I was closely examining those axioms that define the notions, waiting until I somehow persuade myself that there is only one possible interpretation as to the definitions of the relations of 'betweeness', 'congruency', 'containing', etc, but I ended up discovering that, for 'betweeness' in particular, there is another interpretation that is possible.

What I mean is, according to me, if aliens came down from the sky to examine Hilbert's Foundation of Geometry, they would not understand what exactly is meant by 'betweeness', because there is more than one interpretation that satisfies the axioms of order.

For example, let me interpret 'between' informally: that for any three points on the same line, the point which is farthest from the other two points is the one we'll call 'between' the other two, and only that point. If the points happen to be the same distance apart, the point in the middle will be the one 'between', as in our original understanding, and only that point. Let's assume this is what 'between' means to aliens.

Let 'between' be the new interpretation, and 'betweeness' be the original interpretation.

There is nothing wrong with our notion of 'between', in fact the original notion, of 'betweeness', is informal: that point which is bound by the other two, for example. The axioms are made to explicitly state what the properties of betweeness are, so that we aren't working with informal relations in geometry. The goal here is to check whether the axioms of betweeness are true for the alien interpretation or not.
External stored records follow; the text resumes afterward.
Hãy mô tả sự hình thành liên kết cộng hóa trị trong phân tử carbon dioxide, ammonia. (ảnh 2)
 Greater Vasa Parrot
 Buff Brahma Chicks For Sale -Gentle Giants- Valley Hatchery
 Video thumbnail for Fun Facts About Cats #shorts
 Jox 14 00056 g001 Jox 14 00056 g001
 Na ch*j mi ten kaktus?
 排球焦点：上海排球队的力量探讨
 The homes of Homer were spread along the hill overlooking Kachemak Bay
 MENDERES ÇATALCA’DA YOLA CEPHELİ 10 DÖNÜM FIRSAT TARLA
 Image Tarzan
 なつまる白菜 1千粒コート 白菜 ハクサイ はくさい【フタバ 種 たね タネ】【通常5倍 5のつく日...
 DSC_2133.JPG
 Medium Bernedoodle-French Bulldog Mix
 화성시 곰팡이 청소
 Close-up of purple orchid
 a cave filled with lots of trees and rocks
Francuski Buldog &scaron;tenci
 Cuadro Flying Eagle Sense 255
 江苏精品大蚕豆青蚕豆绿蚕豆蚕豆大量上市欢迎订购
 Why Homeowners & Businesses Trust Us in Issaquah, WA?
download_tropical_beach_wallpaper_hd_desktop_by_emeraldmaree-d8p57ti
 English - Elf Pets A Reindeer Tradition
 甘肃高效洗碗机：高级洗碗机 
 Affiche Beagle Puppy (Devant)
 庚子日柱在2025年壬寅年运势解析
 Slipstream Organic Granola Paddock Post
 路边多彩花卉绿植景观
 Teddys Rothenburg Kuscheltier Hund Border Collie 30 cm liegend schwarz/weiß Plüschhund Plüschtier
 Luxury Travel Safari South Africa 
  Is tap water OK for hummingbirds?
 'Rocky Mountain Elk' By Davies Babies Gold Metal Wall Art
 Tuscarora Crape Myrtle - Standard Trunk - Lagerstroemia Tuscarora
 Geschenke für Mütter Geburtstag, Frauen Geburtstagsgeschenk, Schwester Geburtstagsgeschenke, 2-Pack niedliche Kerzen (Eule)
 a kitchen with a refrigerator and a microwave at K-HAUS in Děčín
Here are the axioms...

II,1. If $A, B, C$ are points of a straight line and $B$ lies between $A$ and $C$, then $B$ lies also between $C$ and $A$.

II,2.If $A$ and $C$ are two points of a straight line, then there exists at least one point $B$ lying between $A$ and $C$ and at least one point $D$ so situated that $C$ lies between $A$ and $D$.

II,3.Of any three points situated on a straight line, there is always one and only one which lies between the other two.

I am aware these are not all the axioms, but the 4th is called Hilbert's Discarded Axiom, apparantely because it was proved to be redundant(source: Wikipedia). Also there is a 5th axiom, also known as Pasch Axiom, but I will derive it from the previous axioms down in this question, to show that it is also redundant. I am not sure why even though it is derivable from the previous axioms it is not discarded yet.

Returning to our 'between' idea, we can see that it satisfies the axioms. Axiom II,1 directly follows from our idea of 'between' because our idea does not depend on the order. That is if $B$ is 'between' $A$ and $C$, it is also 'between' $C$ and $A$, because $B$ is simply the farthest from the other two.

Axiom II,2 is trivially true because we know we can always add a point $B$ far enough from $A$ and $C$ , so that $B$ is 'between' $A$ and $C$, and we can add a point $D$ close enough to $A$, such that $C$ is 'between' $A$ and $D$.

Axiom III,3 is true because we defined our 'between' as always exactly one point at a time: that which is farthest.

Now you can see that these are not formal proofs that the axioms follow from the idea of 'between', but it should be clear why. The goal is to show that those axioms that describe 'betweeness' can also be interpreted to describe 'between', so we can't decide what betweeness is.

To clarify, we can for example, define '+' as being any operation whatsoever, as long it's commutative, associative, and having a certain distributive property with respect to '$\cdot$'. That doesn't automatically define '+', unless we can show that the usual arithmetical addition is the only possible interpretation.

Theorem 5 is not derived from Pasch's Axiom, as stated in Hilbert's Foundation of Geometry.

Theorem 5. Every straight line $a$, which lies in a plane $α$ , divides the remaining points of this plane into two regions having the following properties: Every point $A$ of the one region determines with each point $B$ of the other region a segment $AB$ containing a point of the straight line $a$. On the other hand, any two points $A,A′$ of the same region determine a segment $AA′$ containing no point of $a$

Pasch's Axiom. Let $A, B, C$ be three points not lying in the same straight line and let $a$ be a straight line lying in the plane $ABC$ and not passing through any of the points $A, B, C$. Then, if the straight line $a$ passes through a point of the segment $AB$, it will also pass through either a point of the segment $BC$ or a point of the segment $AC$.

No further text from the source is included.